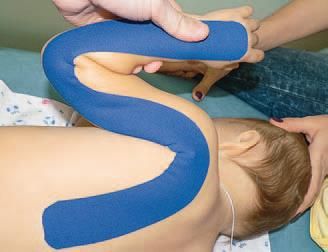 Дмитрий Киселев - Кинезиотейпинг в лечебной практике неврологии и ортопедии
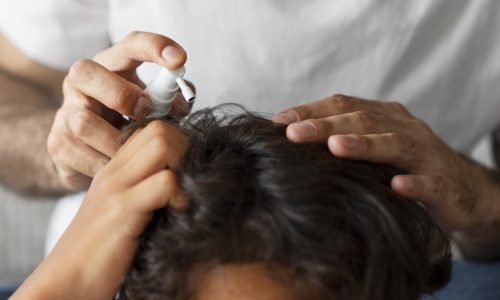 high-angle-hand-holding-lice-treatment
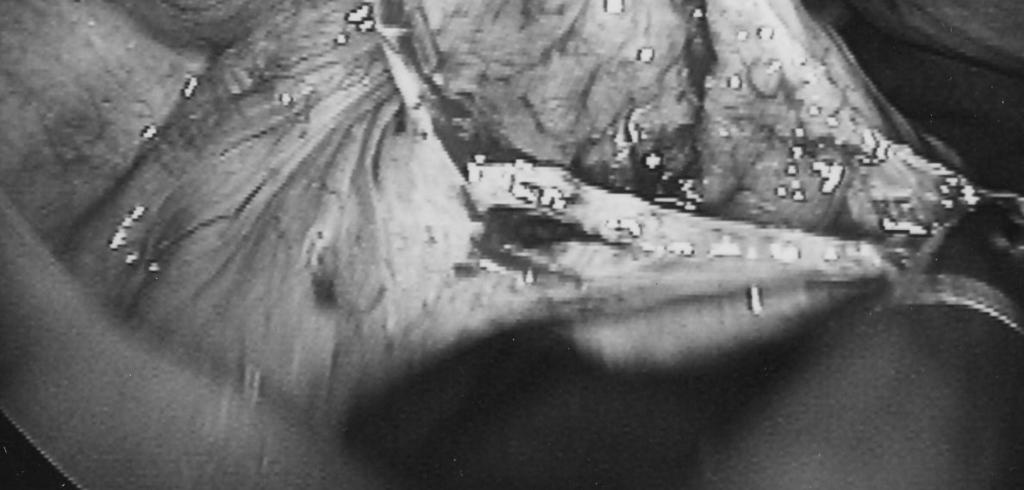 surgical procedure Tubal endoscopy Falloposcopy (Kerin 1990) Tuboscopy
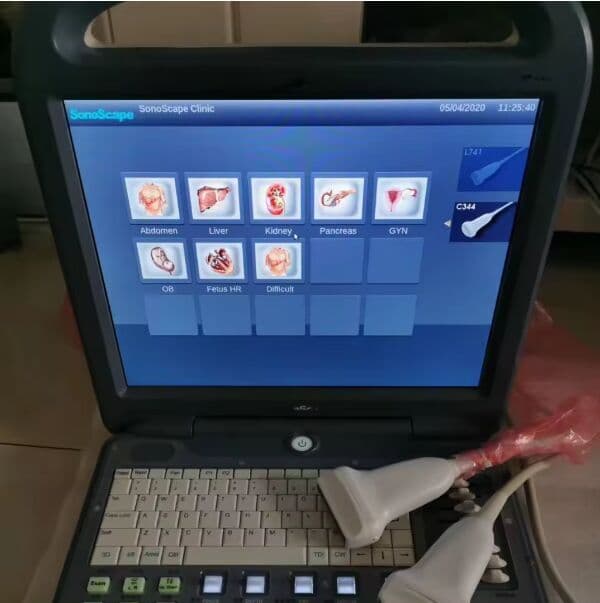 SonoScape S2 Portable Color Doppler Ultrasound System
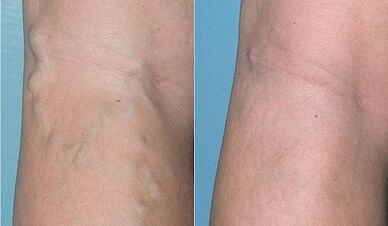 Bacaklarda varisli damarlar nasıl tedavi edilir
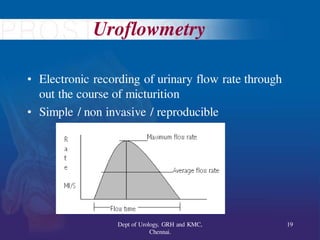 Uroflowmetry
• Electronic recording of urinary flow rate through
out the course of micturition
• Simple / non invasive / reproducible
19
Dept of Urology, GRH and KMC,
Chennai.
 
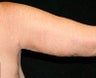 Arm Lift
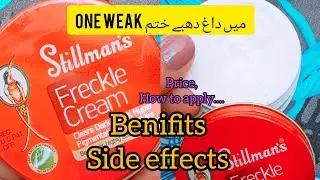 Stillmans Freckles Cream Review By Madiha Ki Duniya| How to get rid or Acne, Pimple and Dark Sport.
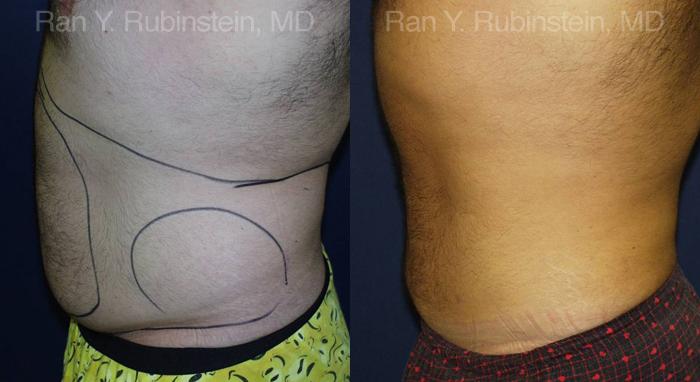 Smart Lipo Body Before and After Photos in Montvale, NJ, Patient 13210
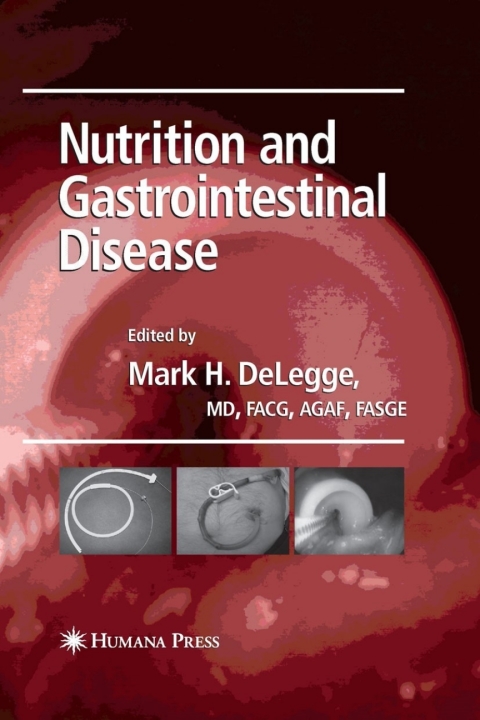Cover image for book Nutrition and Gastrointestinal Disease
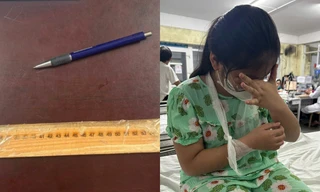 Thực hư vụ việc cô giáo ở Huế "đánh gãy tay" học sinh lớp 4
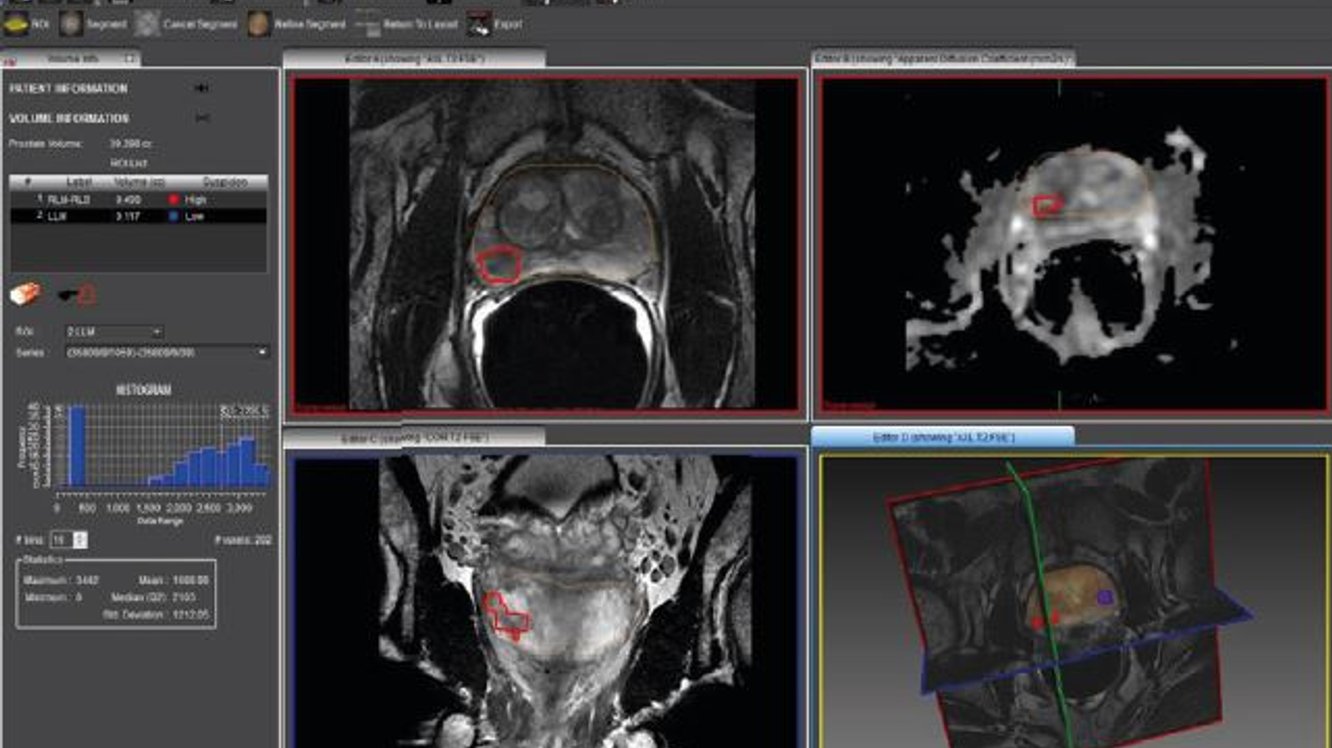 MR-TRUS FUSION: biopsie tratament cancer prostata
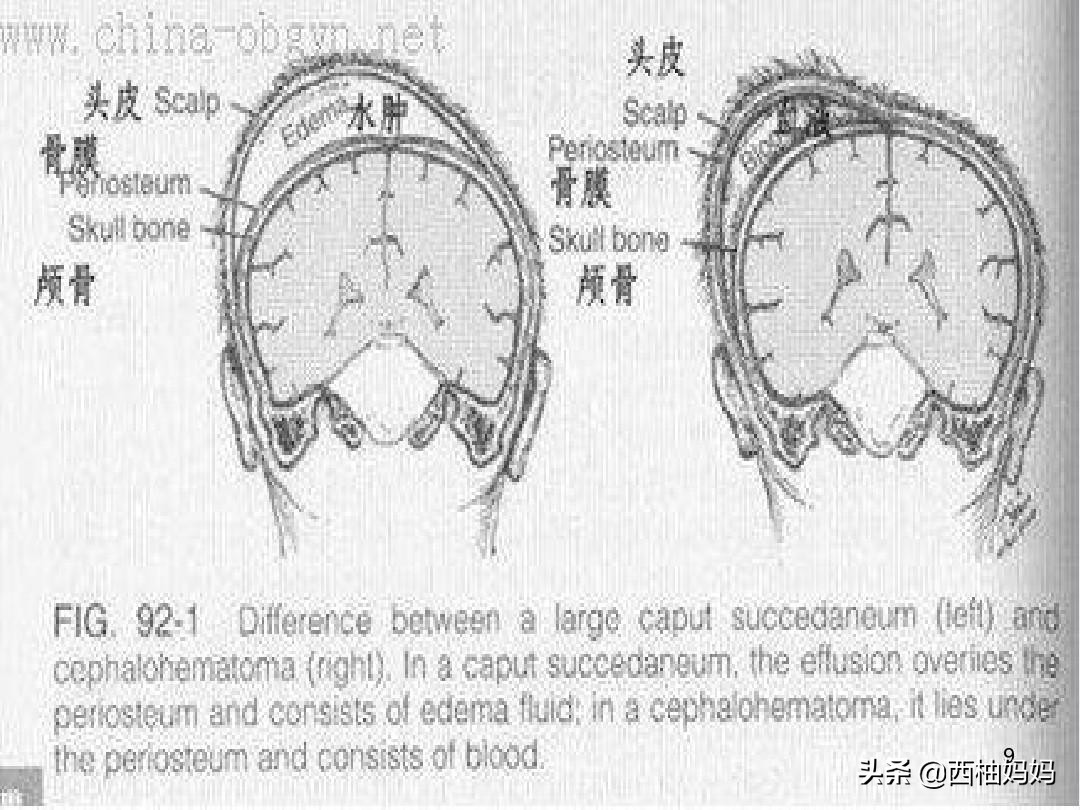 辟谣：“产瘤”十一天还没有消失，变硬就来不及了？要去抽出来？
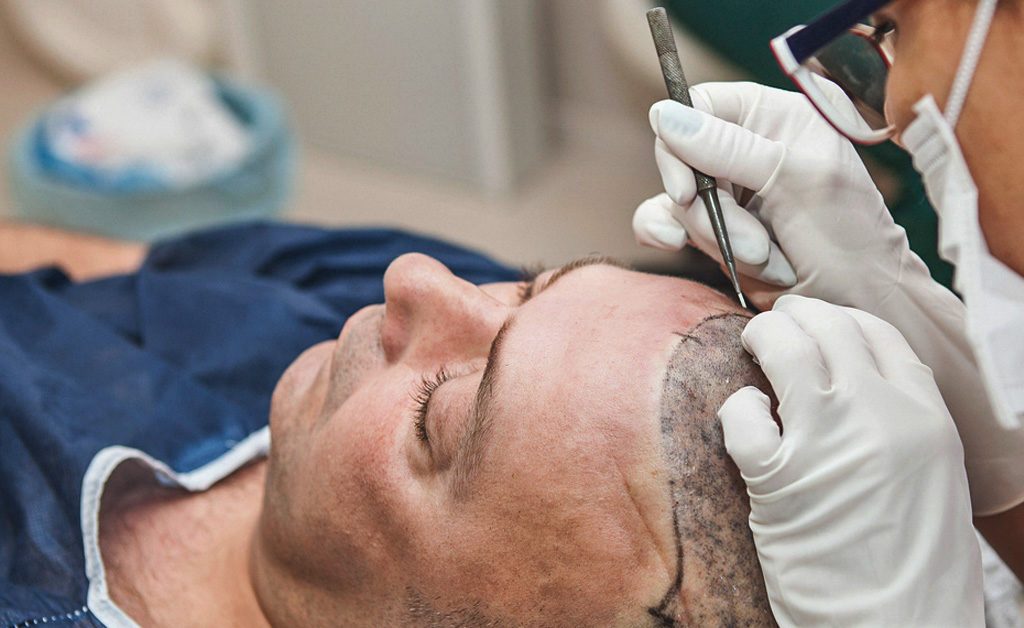 Your Number One Hair Transplant Surgeon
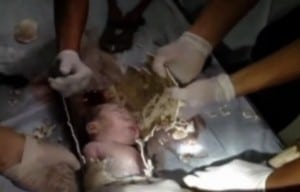 Newborn stuck in Sewer China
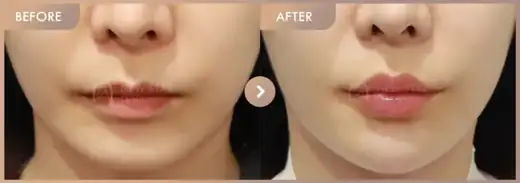 Lip filler + Chin filler: before-and-after comparison at Newstar Clinic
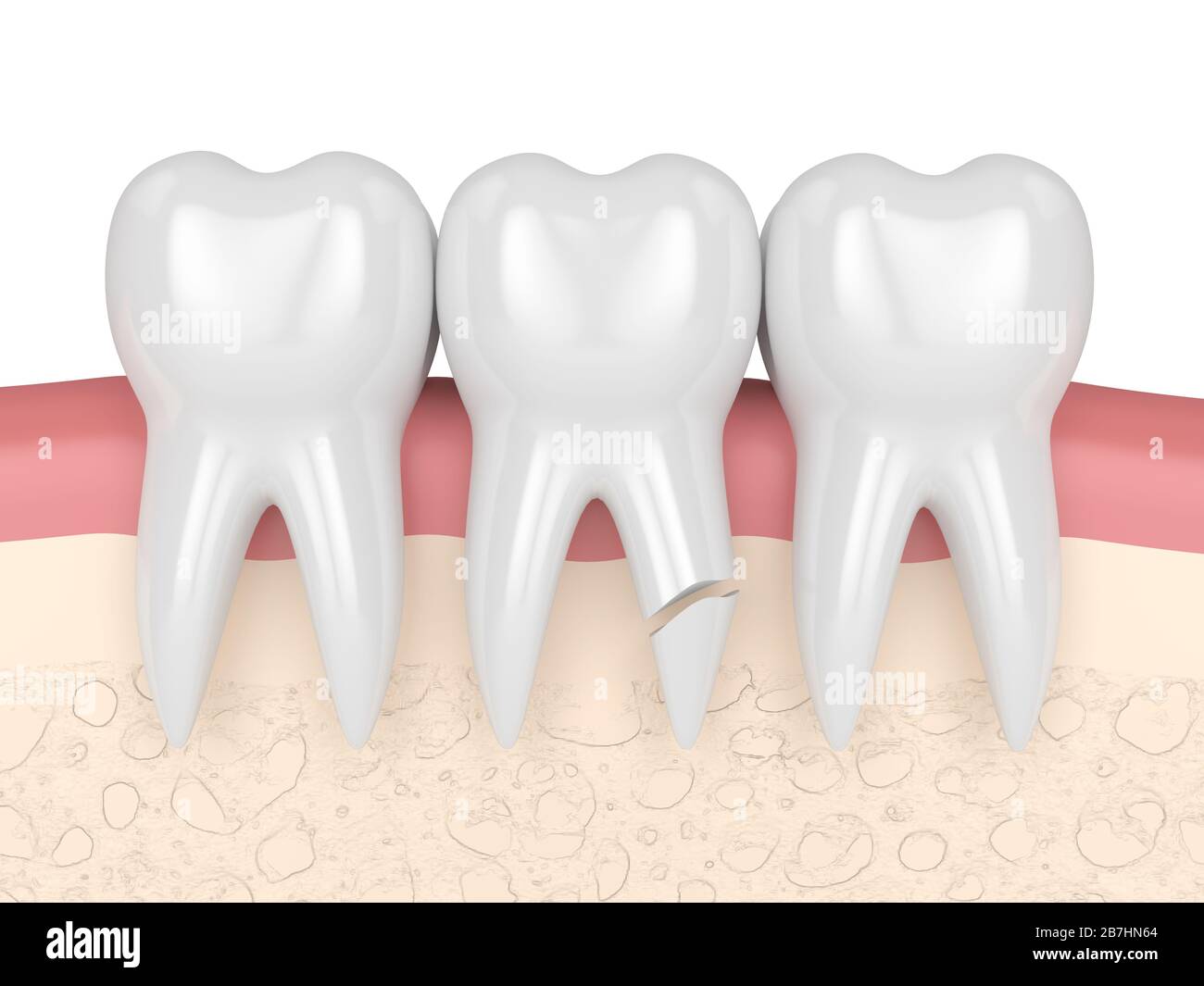 rendering 3d delle gengive con radice dentaria incrinata su sfondo bianco. Diversi tipi di denti rotti concetto. Foto Stock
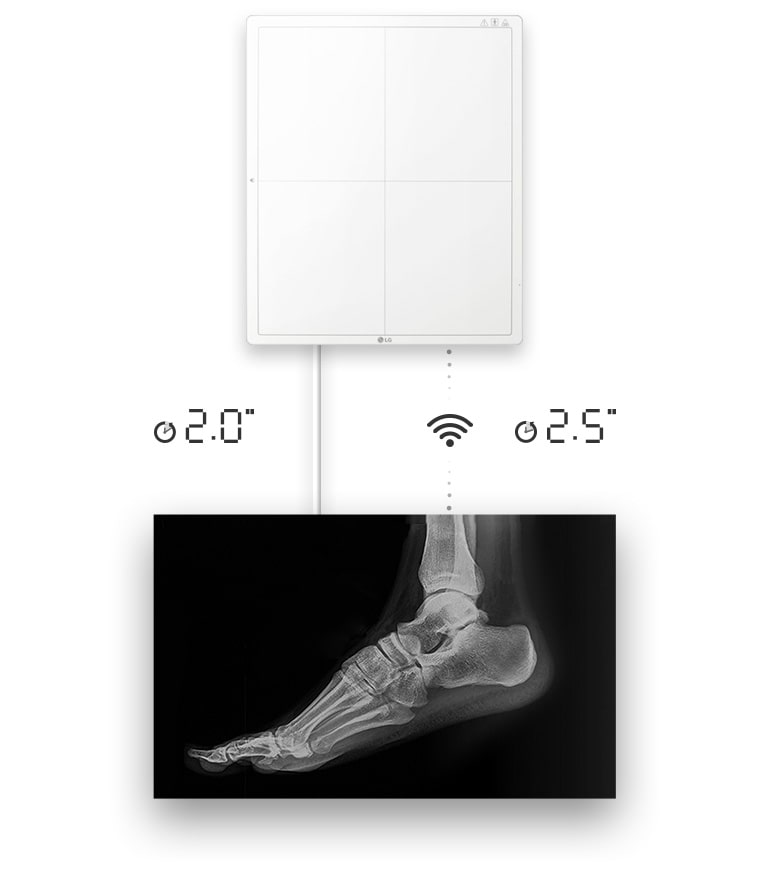 Disponibilidad de la imagen en 2 segundos con una conexión por cable o 2.5 segundos con una conexión inalámbrica para obtener una imagen en bruto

####

Activity: Write out all the records again, exactly, minus any pictures.

Result of the task:
 Дмитрий Киселев - Кинезиотейпинг в лечебной практике неврологии и ортопедии
 high-angle-hand-holding-lice-treatment
 surgical procedure Tubal endoscopy Falloposcopy (Kerin 1990) Tuboscopy
 SonoScape S2 Portable Color Doppler Ultrasound System
 Bacaklarda varisli damarlar nasıl tedavi edilir
 Uroflowmetry
• Electronic recording of urinary flow rate through
out the course of micturition
• Simple / non invasive / reproducible
19
Dept of Urology, GRH and KMC,
Chennai.
 
 Arm Lift
 Stillmans Freckles Cream Review By Madiha Ki Duniya| How to get rid or Acne, Pimple and Dark Sport.
 Smart Lipo Body Before and After Photos in Montvale, NJ, Patient 13210
Cover image for book Nutrition and Gastrointestinal Disease
 Thực hư vụ việc cô giáo ở Huế "đánh gãy tay" học sinh lớp 4
 MR-TRUS FUSION: biopsie tratament cancer prostata
 辟谣：“产瘤”十一天还没有消失，变硬就来不及了？要去抽出来？
 Your Number One Hair Transplant Surgeon
 Newborn stuck in Sewer China
 Lip filler + Chin filler: before-and-after comparison at Newstar Clinic
 rendering 3d delle gengive con radice dentaria incrinata su sfondo bianco. Diversi tipi di denti rotti concetto. Foto Stock
 Disponibilidad de la imagen en 2 segundos con una conexión por cable o 2.5 segundos con una conexión inalámbrica para obtener una imagen en bruto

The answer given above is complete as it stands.